Task to carry out:
The listing is to be reproduced exactly, excluding its pictures.

Recorded information:
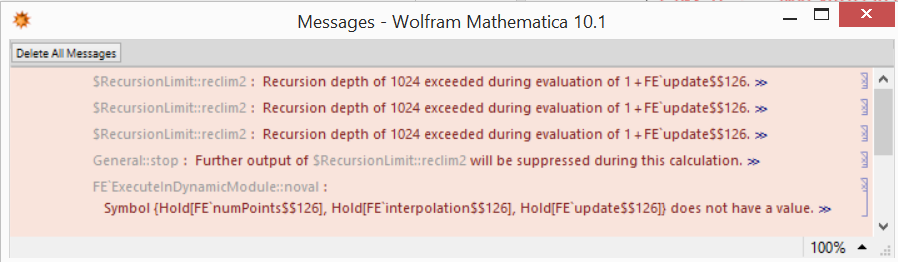  <code>FE'</code> context errors from CDF Player preview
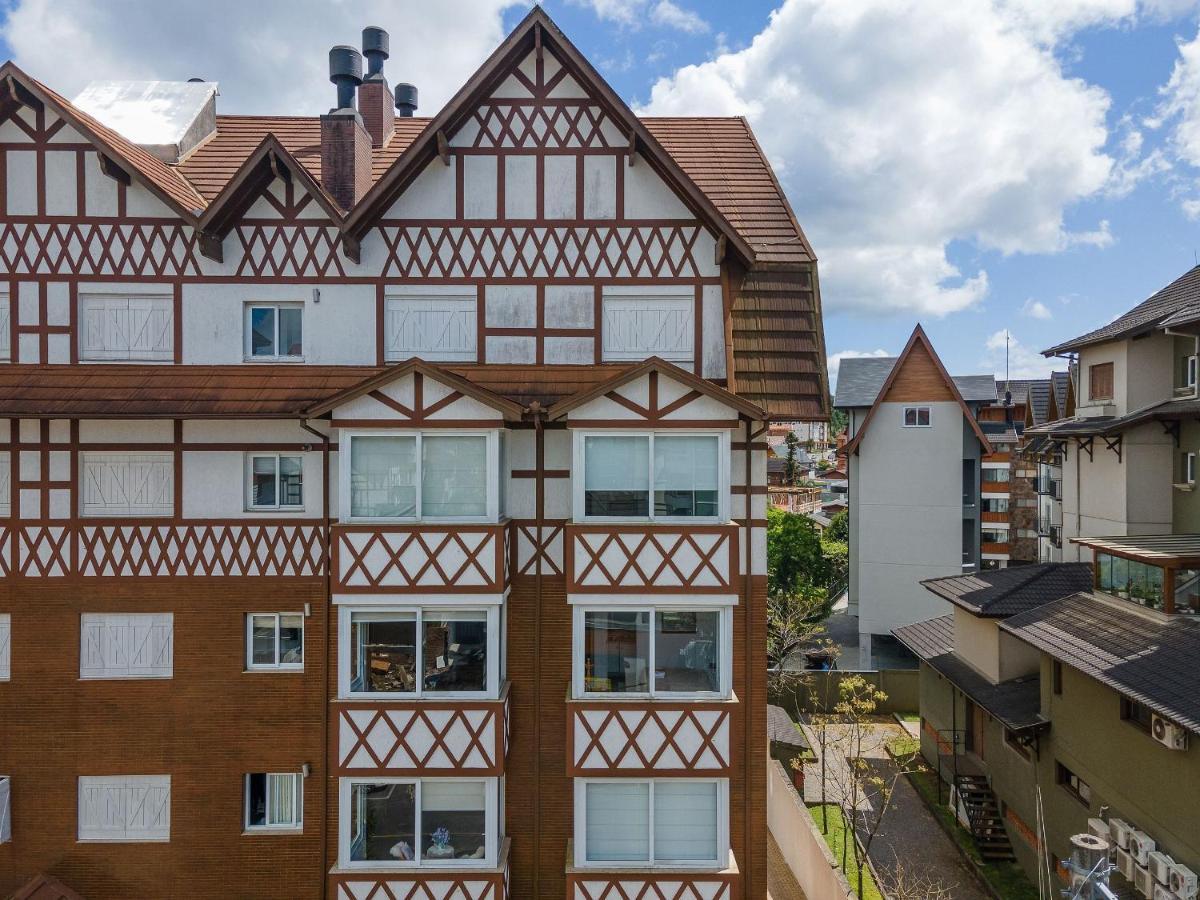 Apartamento Fascino 302 - 600 Metros Rua Coberta De Gramado
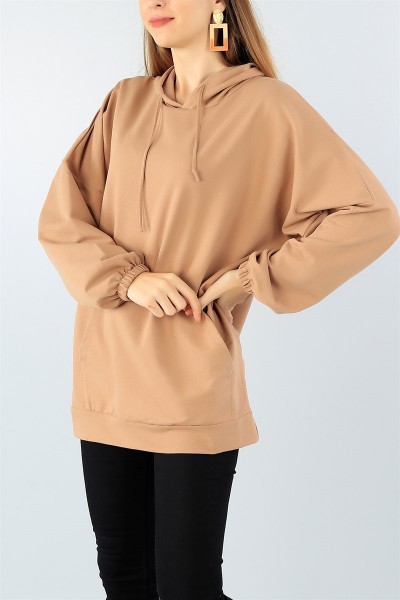 Bisküvi Kanguru Cep Tunik 45143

Task response:
  <code>FE'</code> context errors from CDF Player preview
 Apartamento Fascino 302 - 600 Metros Rua Coberta De Gramado
 Bisküvi Kanguru Cep Tunik 45143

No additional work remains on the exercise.